The first major theorem gives an upper bound on the number of weak‑isomorphism classes for any graph G with n vertices, m edges and no isolated vertices. By partitioning the edge set into O(m/n) groups and encoding the crossing pattern of each group as a permutation, they control the combinatorial explosion using recent bounds on the size of permutation families with bounded VC‑dimension. This yields a universal bound of 2^{O(n² log(m/n))}. When m < n^{3/2}, a refined partitioning argument improves the bound to 2^{O(m n^{1/2} log n)}. These results directly imply a new upper bound of 2^{O(n^{3/2} log n)} on the number of intersection graphs that can be realized by n pseudosegments, because such intersection graphs correspond bijectively to weak‑isomorphism classes of simple topological graphs.

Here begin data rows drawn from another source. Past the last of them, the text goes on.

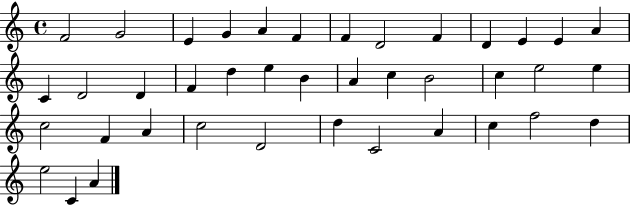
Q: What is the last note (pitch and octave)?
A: A4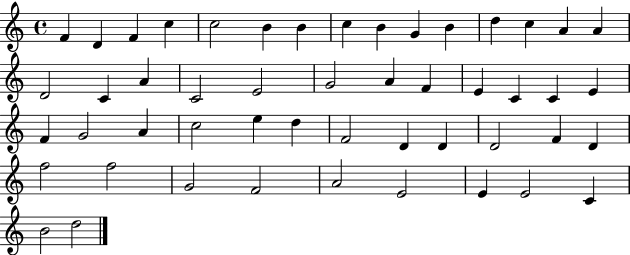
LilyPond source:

{
  \clef treble
  \time 4/4
  \defaultTimeSignature
  \key c \major
  f'4 d'4 f'4 c''4 | c''2 b'4 b'4 | c''4 b'4 g'4 b'4 | d''4 c''4 a'4 a'4 | \break d'2 c'4 a'4 | c'2 e'2 | g'2 a'4 f'4 | e'4 c'4 c'4 e'4 | \break f'4 g'2 a'4 | c''2 e''4 d''4 | f'2 d'4 d'4 | d'2 f'4 d'4 | \break f''2 f''2 | g'2 f'2 | a'2 e'2 | e'4 e'2 c'4 | \break b'2 d''2 | \bar "|."
}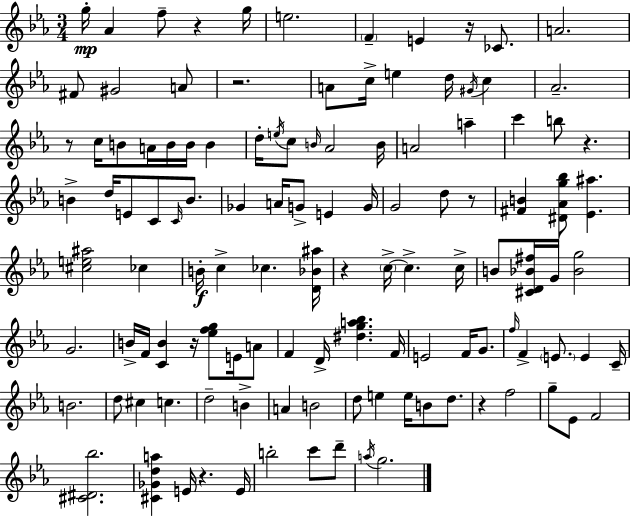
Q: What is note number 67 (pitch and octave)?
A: F4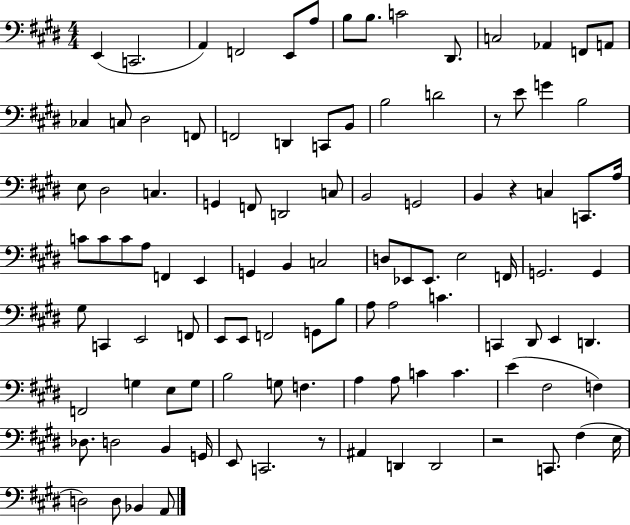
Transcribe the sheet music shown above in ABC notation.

X:1
T:Untitled
M:4/4
L:1/4
K:E
E,, C,,2 A,, F,,2 E,,/2 A,/2 B,/2 B,/2 C2 ^D,,/2 C,2 _A,, F,,/2 A,,/2 _C, C,/2 ^D,2 F,,/2 F,,2 D,, C,,/2 B,,/2 B,2 D2 z/2 E/2 G B,2 E,/2 ^D,2 C, G,, F,,/2 D,,2 C,/2 B,,2 G,,2 B,, z C, C,,/2 A,/4 C/2 C/2 C/2 A,/2 F,, E,, G,, B,, C,2 D,/2 _E,,/2 _E,,/2 E,2 F,,/4 G,,2 G,, ^G,/2 C,, E,,2 F,,/2 E,,/2 E,,/2 F,,2 G,,/2 B,/2 A,/2 A,2 C C,, ^D,,/2 E,, D,, F,,2 G, E,/2 G,/2 B,2 G,/2 F, A, A,/2 C C E ^F,2 F, _D,/2 D,2 B,, G,,/4 E,,/2 C,,2 z/2 ^A,, D,, D,,2 z2 C,,/2 ^F, E,/4 D,2 D,/2 _B,, A,,/2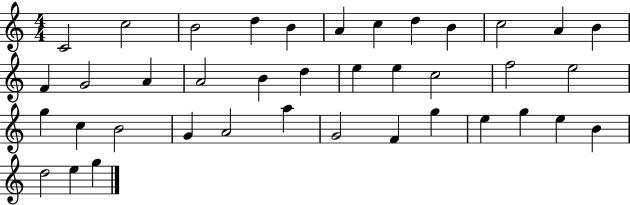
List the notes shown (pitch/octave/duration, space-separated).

C4/h C5/h B4/h D5/q B4/q A4/q C5/q D5/q B4/q C5/h A4/q B4/q F4/q G4/h A4/q A4/h B4/q D5/q E5/q E5/q C5/h F5/h E5/h G5/q C5/q B4/h G4/q A4/h A5/q G4/h F4/q G5/q E5/q G5/q E5/q B4/q D5/h E5/q G5/q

The second contribution focuses on complete graphs K_n. Leveraging a recent theorem (Cibulka & the author) that limits the cardinality of a set of permutations whose VC‑dimension is k, the authors show that the VC‑dimension of the permutation families arising from K_n can be bounded by the inverse Ackermann function α(n). Consequently, the number of weak‑isomorphism classes of simple complete topological graphs is at most 2^{n² α(n)^{O(1)}}, a dramatic improvement over the previous 2^{O(n² log n)} bound. Since α(n) grows slower than any iterated logarithm, this bound is essentially quadratic in n up to a near‑constant factor.
For topological isomorphism, which is stricter because it records the exact cyclic order of edges around each vertex as well as the crossing order, the authors prove an upper bound of 2^{m²+O(mn)}. The argument observes that each unordered pair of edges can either cross or not, and if they cross there are only a constant number of possible relative orders, giving a factor of 2^{O(m²)}. The additional O(mn) term accounts for the choices of rotation systems at the vertices. On the lower‑bound side, they show that when the edge density exceeds (6+ε)n, one can construct graphs whose drawings realize 2^{Ω(m²)} distinct topological isomorphism classes, essentially matching the upper bound up to the lower‑order term.

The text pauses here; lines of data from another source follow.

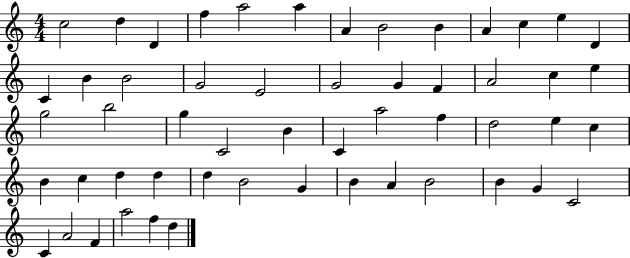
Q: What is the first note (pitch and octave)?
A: C5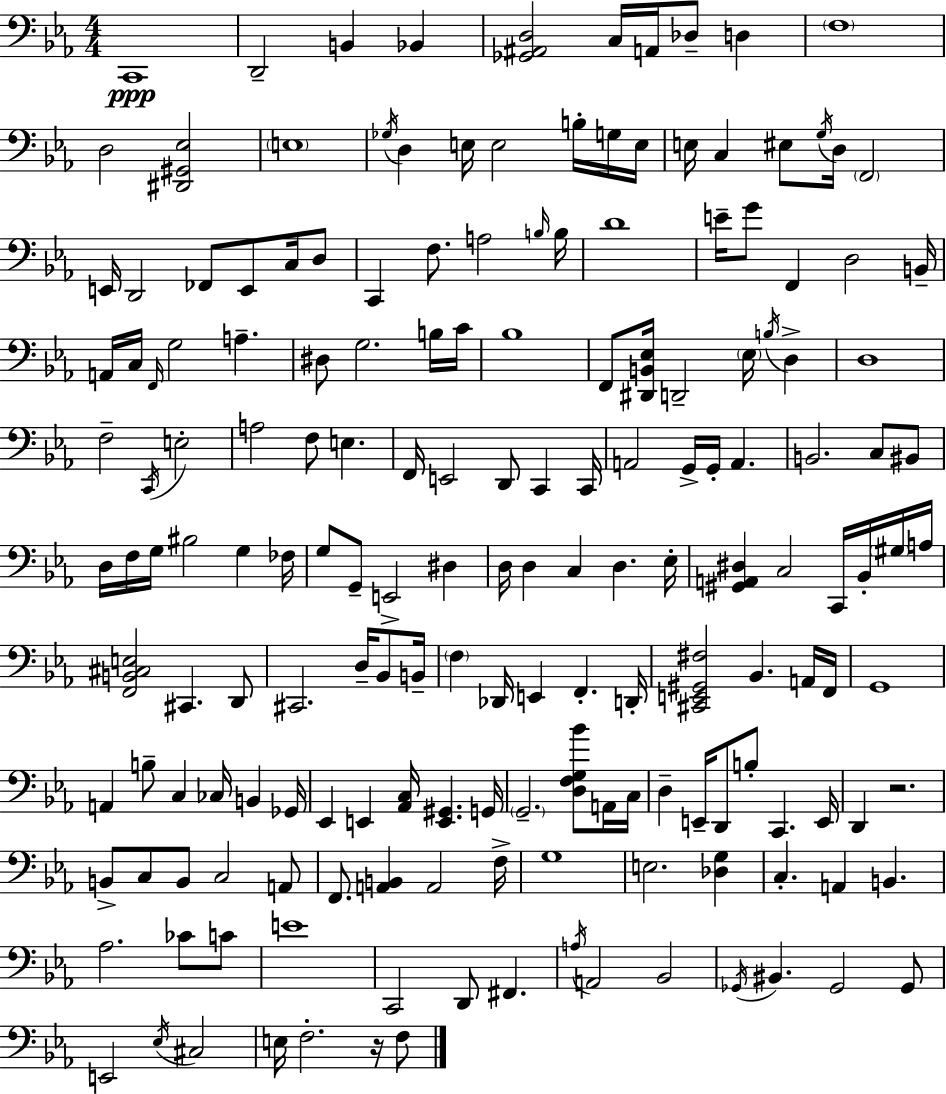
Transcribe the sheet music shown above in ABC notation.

X:1
T:Untitled
M:4/4
L:1/4
K:Cm
C,,4 D,,2 B,, _B,, [_G,,^A,,D,]2 C,/4 A,,/4 _D,/2 D, F,4 D,2 [^D,,^G,,_E,]2 E,4 _G,/4 D, E,/4 E,2 B,/4 G,/4 E,/4 E,/4 C, ^E,/2 G,/4 D,/4 F,,2 E,,/4 D,,2 _F,,/2 E,,/2 C,/4 D,/2 C,, F,/2 A,2 B,/4 B,/4 D4 E/4 G/2 F,, D,2 B,,/4 A,,/4 C,/4 F,,/4 G,2 A, ^D,/2 G,2 B,/4 C/4 _B,4 F,,/2 [^D,,B,,_E,]/4 D,,2 _E,/4 B,/4 D, D,4 F,2 C,,/4 E,2 A,2 F,/2 E, F,,/4 E,,2 D,,/2 C,, C,,/4 A,,2 G,,/4 G,,/4 A,, B,,2 C,/2 ^B,,/2 D,/4 F,/4 G,/4 ^B,2 G, _F,/4 G,/2 G,,/2 E,,2 ^D, D,/4 D, C, D, _E,/4 [^G,,A,,^D,] C,2 C,,/4 _B,,/4 ^G,/4 A,/4 [F,,B,,^C,E,]2 ^C,, D,,/2 ^C,,2 D,/4 _B,,/2 B,,/4 F, _D,,/4 E,, F,, D,,/4 [^C,,E,,^G,,^F,]2 _B,, A,,/4 F,,/4 G,,4 A,, B,/2 C, _C,/4 B,, _G,,/4 _E,, E,, [_A,,C,]/4 [E,,^G,,] G,,/4 G,,2 [D,F,G,_B]/2 A,,/4 C,/4 D, E,,/4 D,,/2 B,/2 C,, E,,/4 D,, z2 B,,/2 C,/2 B,,/2 C,2 A,,/2 F,,/2 [A,,B,,] A,,2 F,/4 G,4 E,2 [_D,G,] C, A,, B,, _A,2 _C/2 C/2 E4 C,,2 D,,/2 ^F,, A,/4 A,,2 _B,,2 _G,,/4 ^B,, _G,,2 _G,,/2 E,,2 _E,/4 ^C,2 E,/4 F,2 z/4 F,/2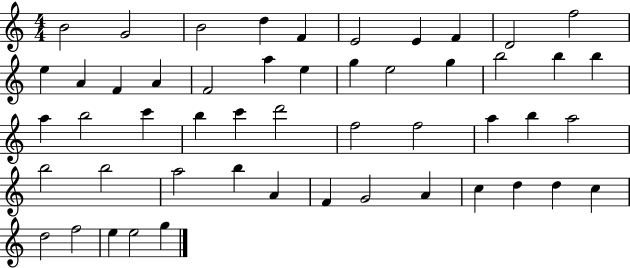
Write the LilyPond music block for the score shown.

{
  \clef treble
  \numericTimeSignature
  \time 4/4
  \key c \major
  b'2 g'2 | b'2 d''4 f'4 | e'2 e'4 f'4 | d'2 f''2 | \break e''4 a'4 f'4 a'4 | f'2 a''4 e''4 | g''4 e''2 g''4 | b''2 b''4 b''4 | \break a''4 b''2 c'''4 | b''4 c'''4 d'''2 | f''2 f''2 | a''4 b''4 a''2 | \break b''2 b''2 | a''2 b''4 a'4 | f'4 g'2 a'4 | c''4 d''4 d''4 c''4 | \break d''2 f''2 | e''4 e''2 g''4 | \bar "|."
}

The paper also discusses methodological innovations. The central technical tool is the application of VC‑dimension to permutation families derived from crossing patterns; this bridges combinatorial geometry and learning‑theoretic concepts. By controlling VC‑dimension, the authors limit the number of admissible permutations, which in turn caps the number of possible crossing configurations. The partitioning scheme for general graphs and the refined analysis for dense graphs (m > (6+ε)n) are tailored to exploit sparsity or density respectively.

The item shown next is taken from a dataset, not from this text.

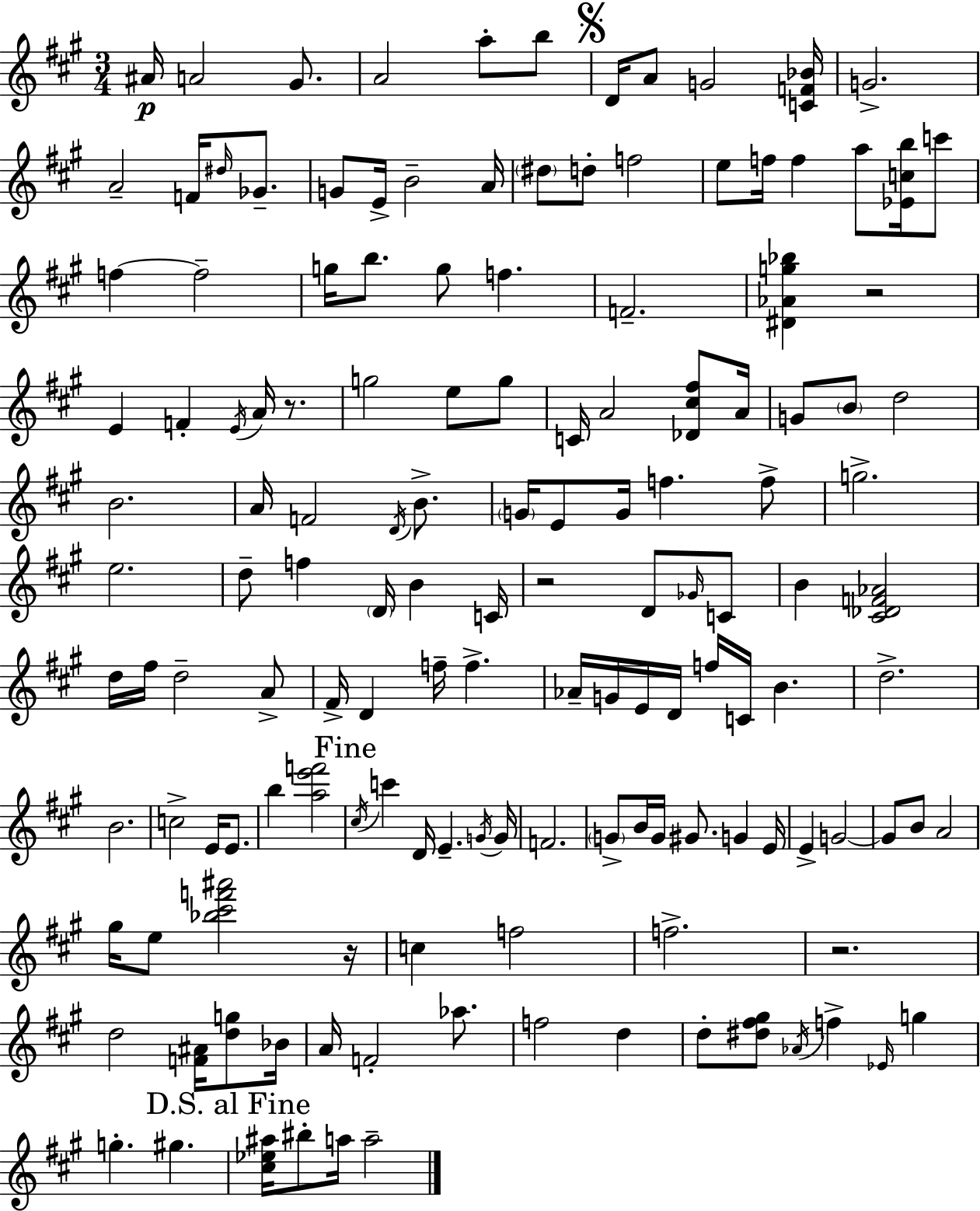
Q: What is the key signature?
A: A major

In the concluding remarks, the authors note that the gap between the upper and lower bounds remains open, especially for the weak‑isomorphism case when m is close to n². They suggest that further tightening of VC‑dimension bounds or new structural decompositions could narrow this gap. The results have immediate implications for the study of intersection graphs of geometric objects, pseudosegment arrangements, and for algorithmic problems where the number of distinct topological embeddings influences complexity. Overall, the work significantly advances our understanding of how combinatorial parameters (n, m) control the richness of topological graph drawings.